> Of course, if you're a muslim you know that jinn don't exist - for there is
> only one god. Therefore she can't possibly be guilty of recoursing to them,
> because they aren't there.
Not so, Jon. Have a look at the Q'ran; it's full of them. Allah made Adam out of a lump of clay, but made djinni out of "smokeless fire". (The word is usually transliterated as "djinn", plural "djinni", hence the "genies" that pop out of lamps and jars in the Tales of the Arabian Nights.) According to the Q'ran, shooting stars are bolts hurled by Allah to deter djinni who stray too close to heaven.

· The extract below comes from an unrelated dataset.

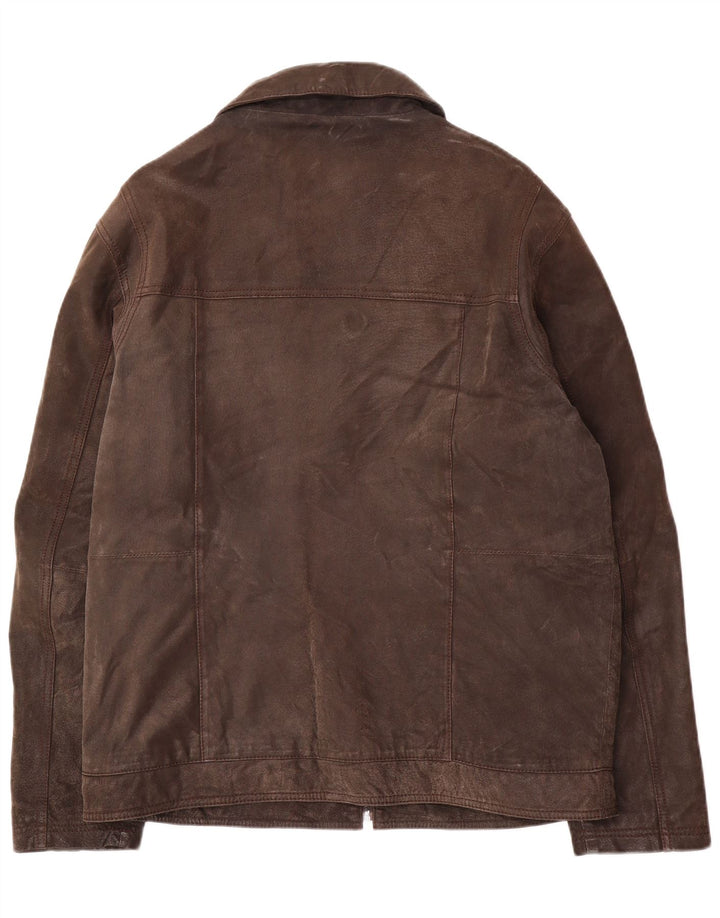 Giacca in pelle da uomo Canda UK 42 XL in pelle marrone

Folk belief in djinni is widespread in North Africa and the Middle East. An English author recently wrote a book about his experiences of doing up a house in Morocco. All the local workers were terrified of the djinni who they assumed would have taken up residence while the house was empty, and placated them with offerings of food, even going so far as to drop raw chicken down the well and making the whole family very ill.
Djinni can be helpful or mischievous, unlike angels, who run errands for Allah and cannot do other than obey His will. The Q'ran was dictated to the Prophet Mohammed by the archangel Jibreel (Gabriel in western traditions).
I asked Ed Hussain, author of the "The Islamist", at a book-signing, if he believed in djinni. He declined to be drawn directly, but did say that he believed in "spiritual beings".